For reference, here is the initial probabilities from before:

Outcome	Likelihood
Sleep	0.6
Homework	0.3
Netflix	0.1

As well as the transition probabilities: Keep in mind: $P (π_{i - 1} \to π_{i})$ and $P (π_{i} | π_{i - 1})$

	Sleep	Homework	Netflix
Sleep	0.5	0.4	0.1
Homework	0.4	0.2	0.4
Netflix	0.3	0.1	0.6

Example

Observations $x$ (1= stressed, 0=relaxed)	1	1	0	0	1	1	1	0	0
State Path $π$ (S= sleep, H=homework, N=netflix)	H	H	N	N	N	H	S	S	S
Emission Probability $P (x_{i} \| π_{i})$	0.9	0.9	0.7	0.7	0.3	0.9	0.1	0.9	0.9
Transition Probability $P (π_{i - 1} \to π_{i})$	0.3	0.2	0.4	0.6	0.6	0.1	0.4	0.5	0.5

What is the likelihood of a specific observation sequence?

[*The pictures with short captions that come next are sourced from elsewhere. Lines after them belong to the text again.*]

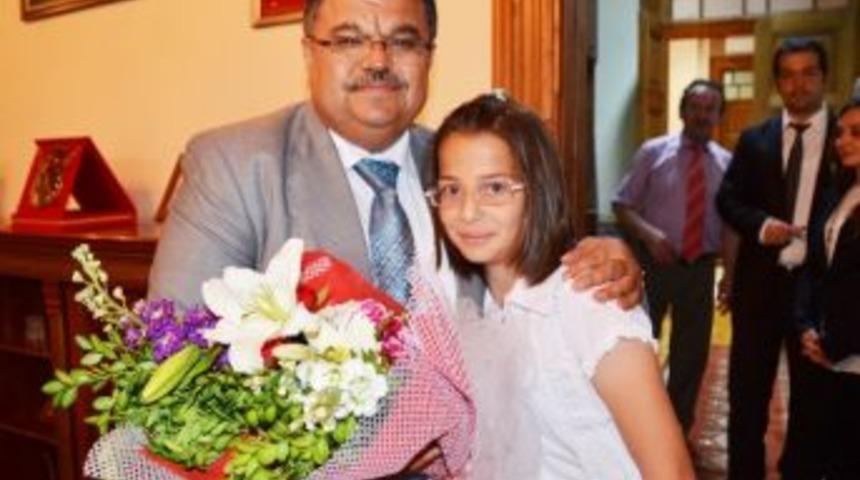 Minik &Ouml;ğrenciler Başkan Selim Yağcı'yı Makamında Ziyaret Ettiler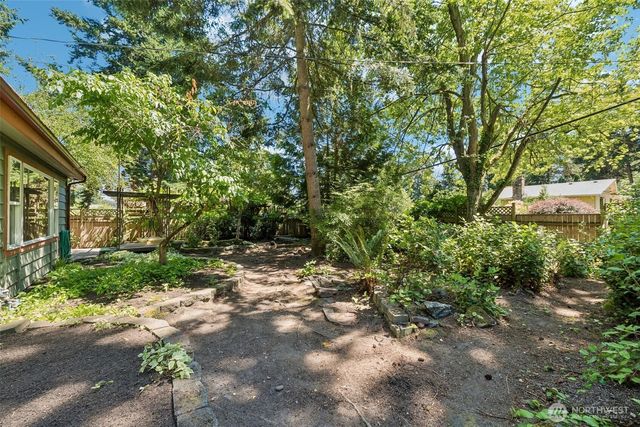 7629 236th Street SW, Edmonds, WA 98026
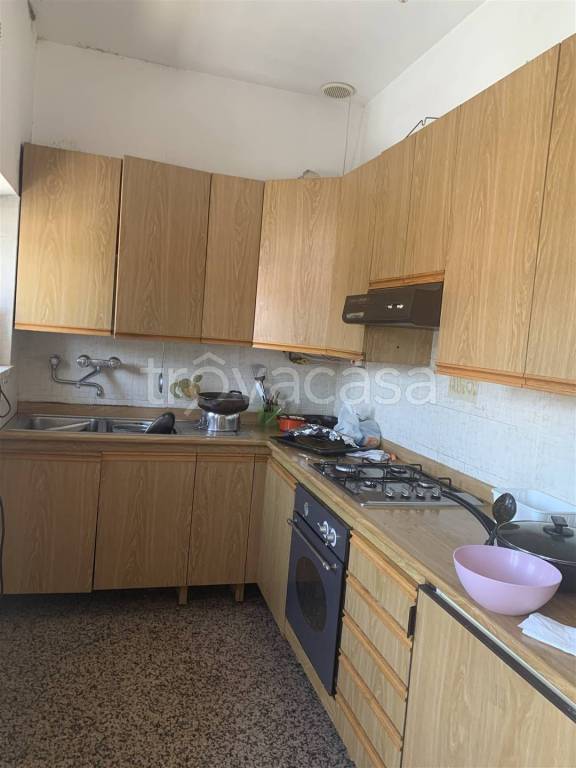 appartamento in vendita a Castelraimondo in zona Collina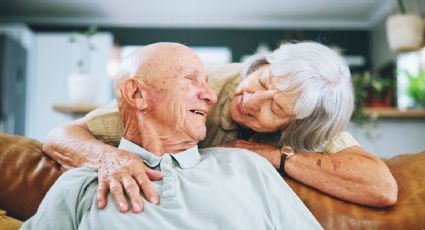 Por qué las mujeres viven más que los hombres; un estudio encuentra la respuesta en la evolución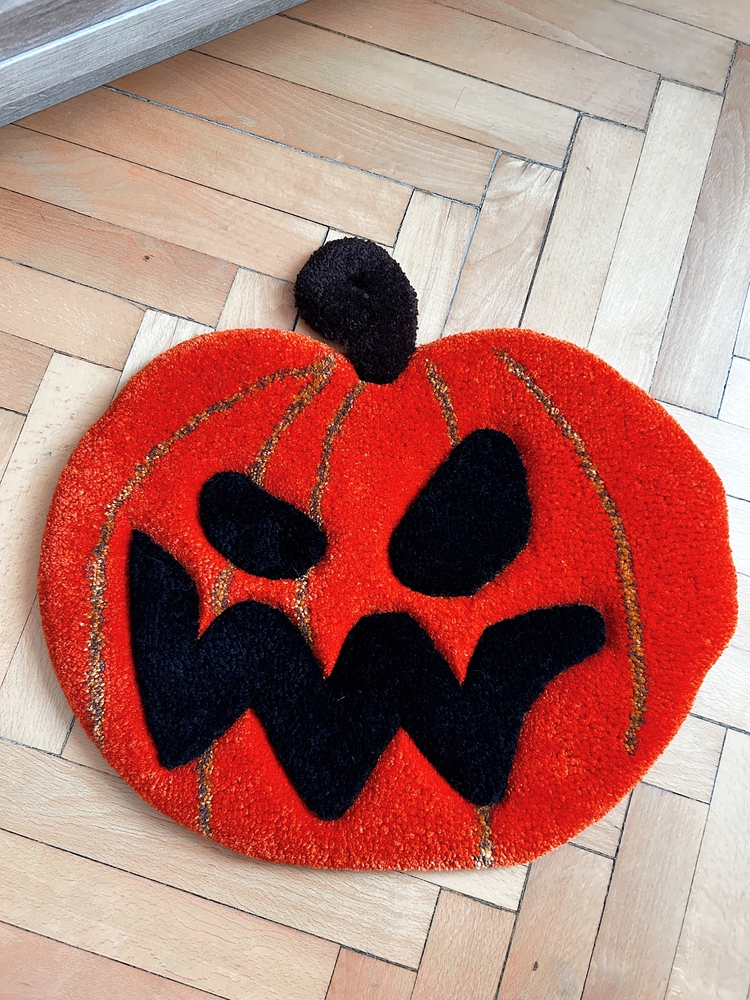 Sculpted Pumpkin Rug
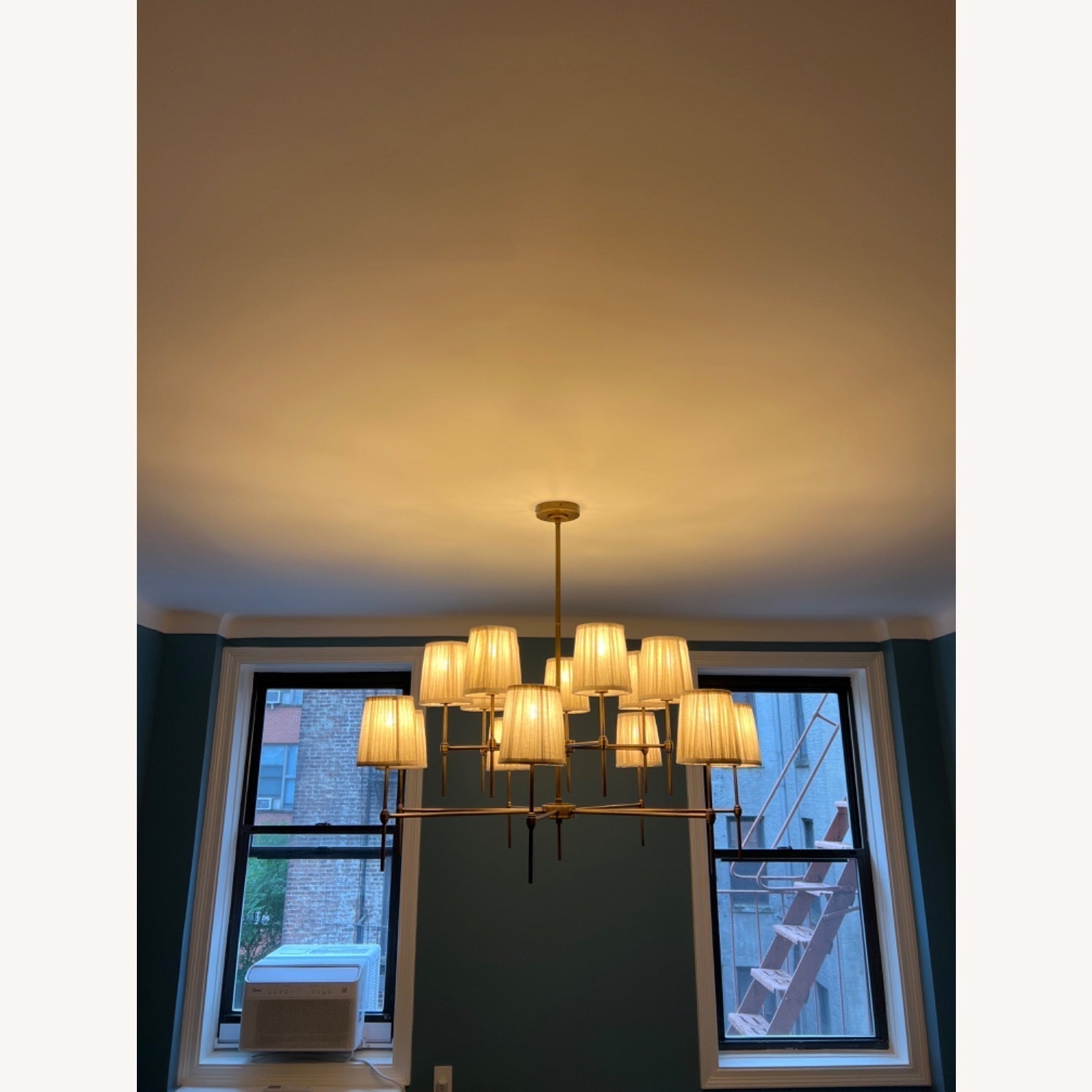 Sera Chandelier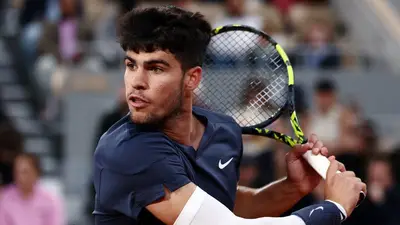 Alcaraz y Tsitsipas pasan a tercera ronda del Abierto de Francia cediendo un set Alcaraz y Tsitsipas pasan a tercera ronda del Abierto de Francia cediendo un set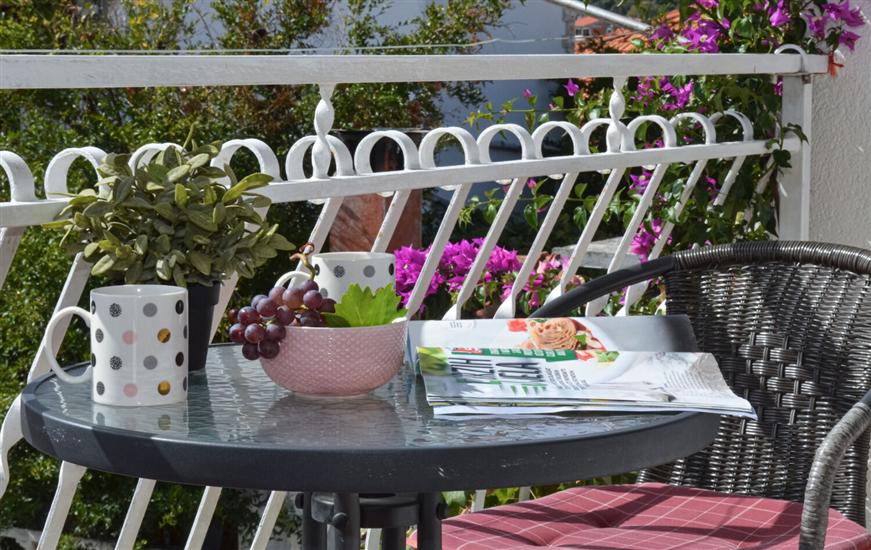 Apartment A2, for 3 persons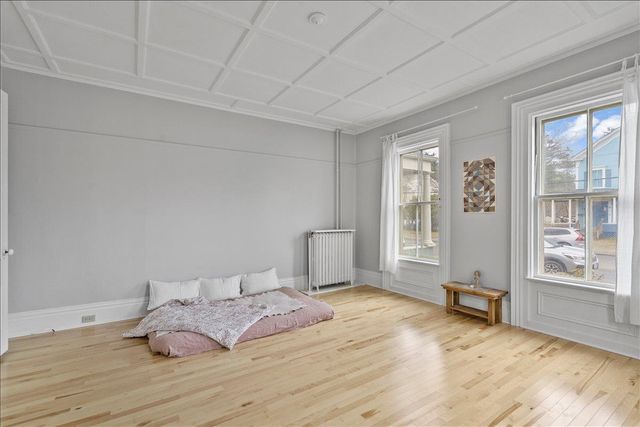 60 College St Apt 1, Montpelier, VT 05602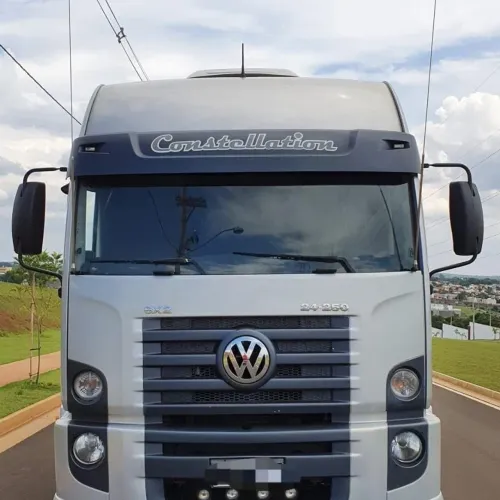 Volkswagen 24-250 Carroceria ano 2012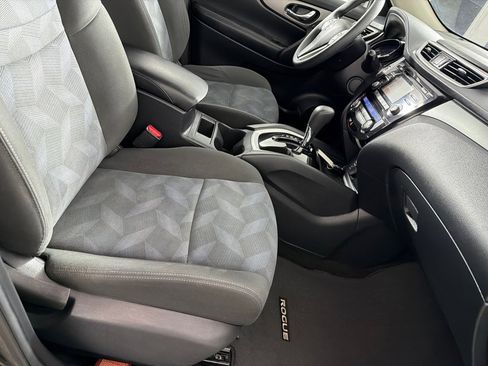 Used 2016 Nissan Rogue SV image 24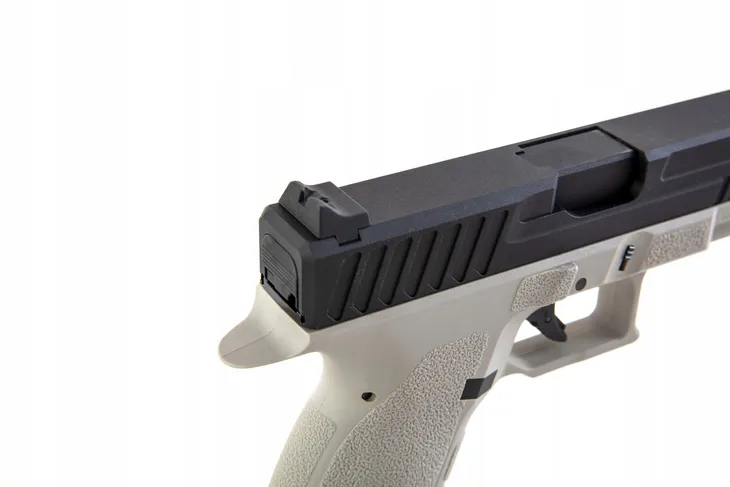 replika-pistoletu-kp-13-rodzaj-pistolet
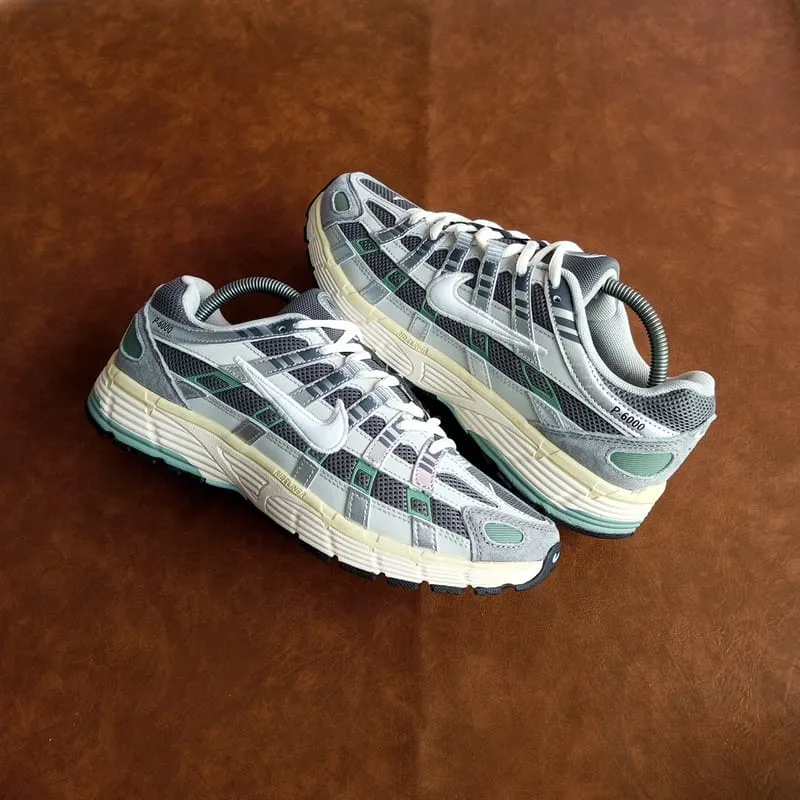 Nike Casual Sneakers Pria silver photo 1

$P (x) = \sum_{π} P (x and π)$

What the above equation describes is that to determine the likelihood of an observation sequence, you must add the probabilities of the observed sequence and the potential (hidden) state paths occurring. So how do we do this???

Based on conditional probability:

$P (x and π) = P (x | π) \cdot P (π)$

Multiply the emission probabilities together: Given a state sequence, what is the probability of emitting the observed sequence. $P (x | π) = \prod_{t = 1} P (x_{t} | π_{t})$ Multiply the transition probabilities together: Probabililty of a state sequence depends on the markov property that the state at time t is only dependent on the state at t-1.

$P (π) = \prod_{t = 1} P (π_{t} | π_{t - 1})$

Putting it all together: The probability of an observed sequence and a corresponding hidden state sequence is equal to the product of the emission probabilities multiplied by the product of the transition probabilities.

$P (π and x) = \prod_{t = 1} P (π_{t} | x_{t}) \cdot \prod_{t = 1} P (π_{t} | π_{t - 1})$ As an example:

We could potentially state all possible state paths given a particular observations. If we observed: {1, 0, 0}, the possible state paths include SSS, SHH, SHN, SNN, SNH, HHH, HNS, HSH, HSS, etc. We could calculate the possibility of each, for example: SNS. Initial probability of sleep is 0.6. The probability of being stressed given that they are sleeping is 0.1. Sleep transitioning to Netflix is 0.1.Probability of being relaxed watching Netflix is 0.3. And so on…

$P (π_{1} = S | start) \cdot P (x_{1} = 1 | π_{1} = S) \cdot P (π_{2} = N | π_{1} = S) \cdot P (x_{1} = 0 | π_{1} = N) \cdot P (π_{3} = S | π_{2} = N) \cdot P (x_{3} = 0 | π_{3} = S)$ $P (π = S N S \cap x = 1 0 0) = 0.6 \cdot 0.1 \cdot 0.1 \cdot 0.3 \cdot 0.3 \cdot 0.9 = 0.000486$

To find the total probability of an observed sequence (e.g. 1,0,0), we need to add up all of the possible state path probabilities (SNS, SSS, HSN, etc.).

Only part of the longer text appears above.